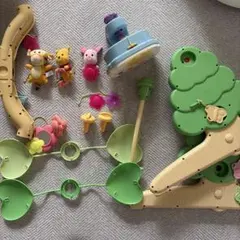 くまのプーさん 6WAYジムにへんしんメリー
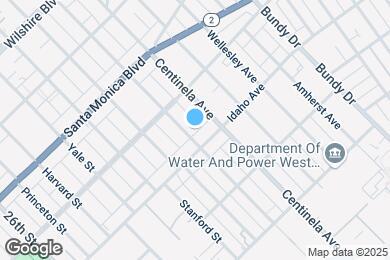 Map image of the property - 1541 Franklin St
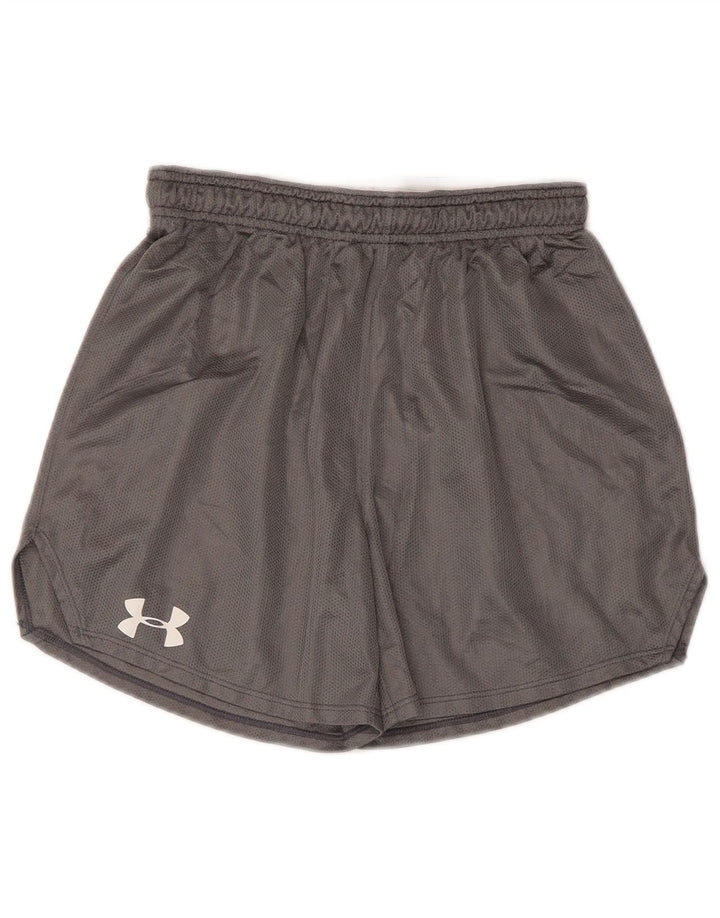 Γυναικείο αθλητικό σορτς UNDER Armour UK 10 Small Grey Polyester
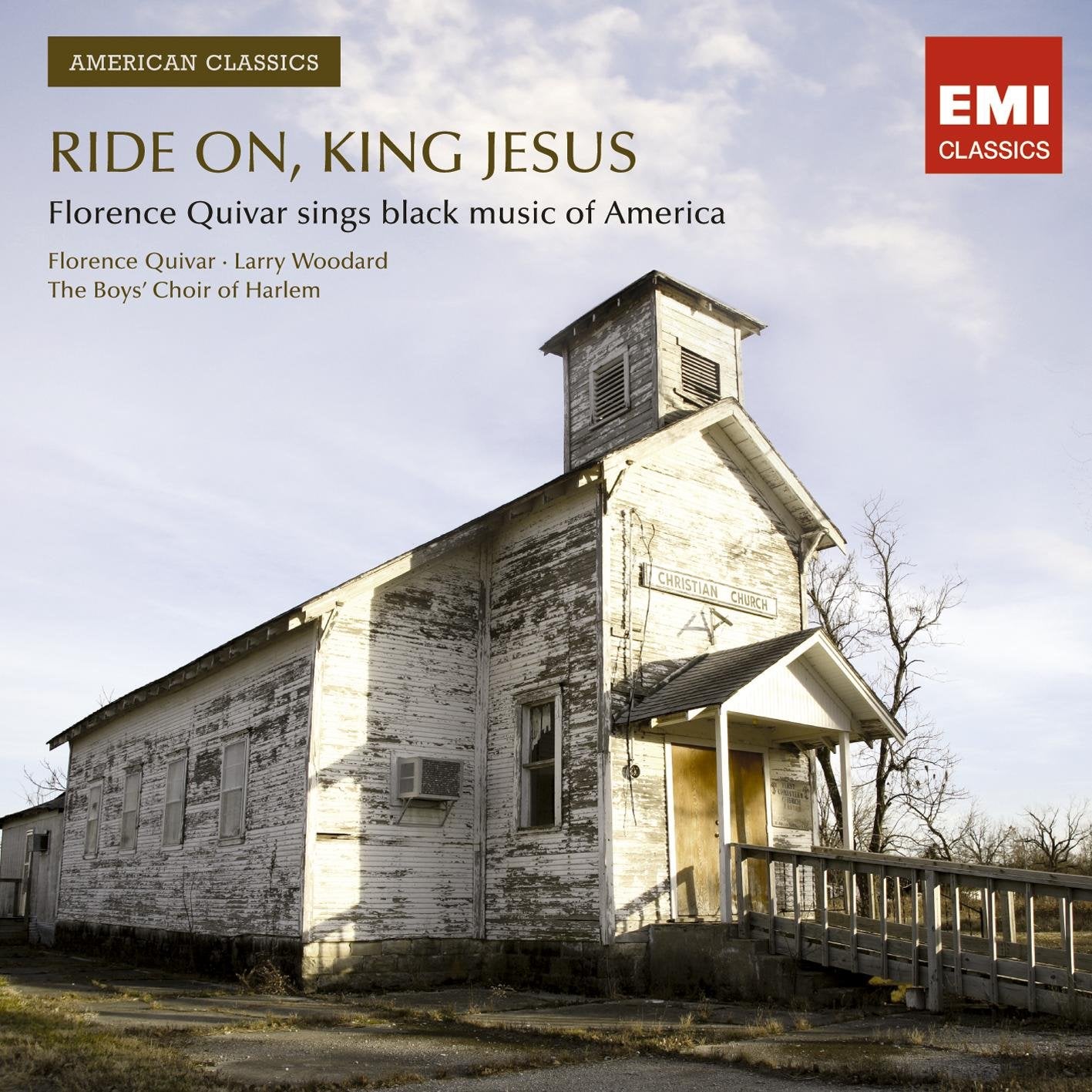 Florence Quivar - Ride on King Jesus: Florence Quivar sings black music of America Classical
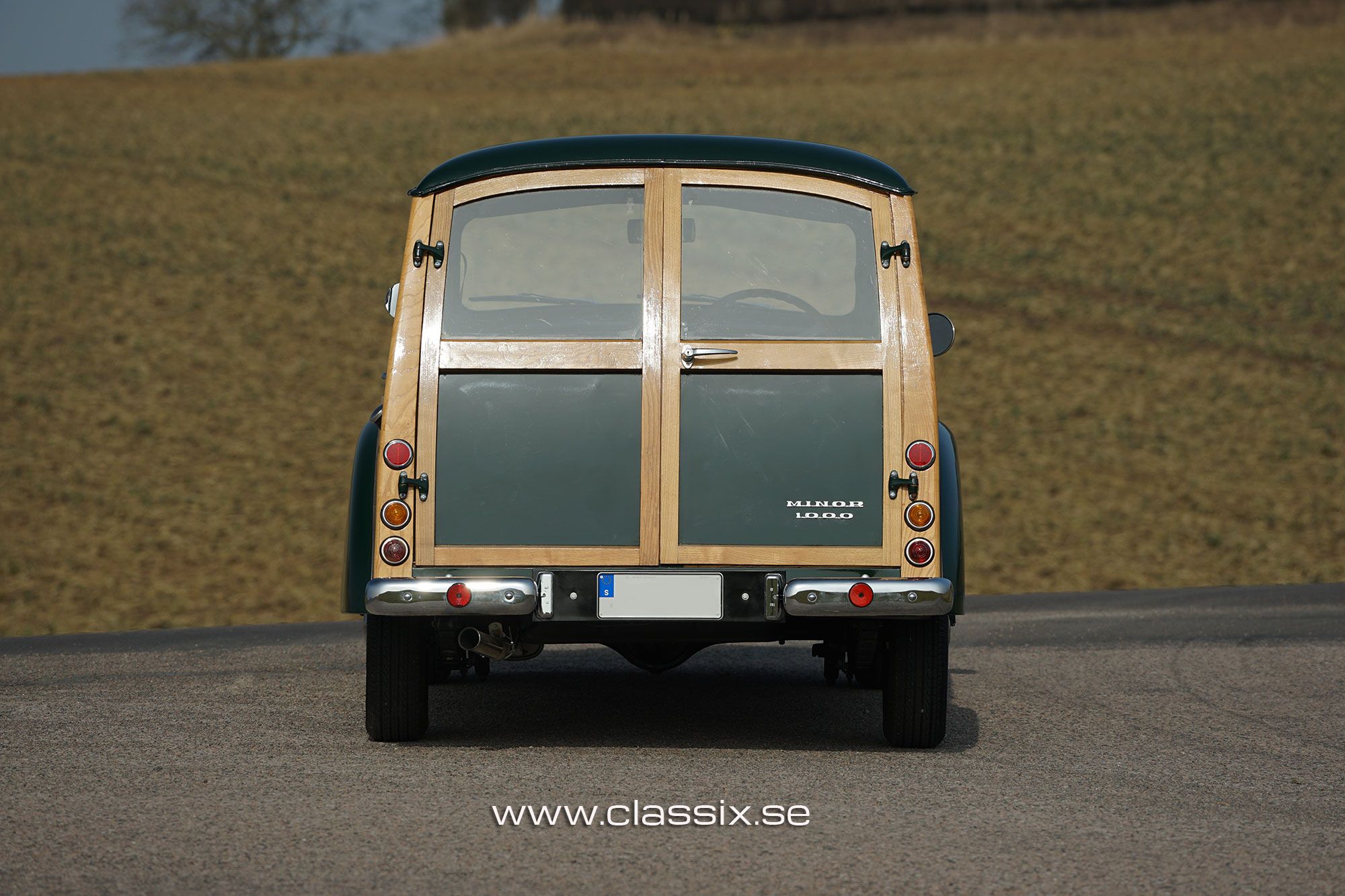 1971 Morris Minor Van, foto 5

» Instructions for the task
Set down word for word, from the line that contains "Florence Quivar - Ride" to the end of the listing above, every line and no picture.

» Answer for the task
 Florence Quivar - Ride on King Jesus: Florence Quivar sings black music of America Classical
 1971 Morris Minor Van, foto 5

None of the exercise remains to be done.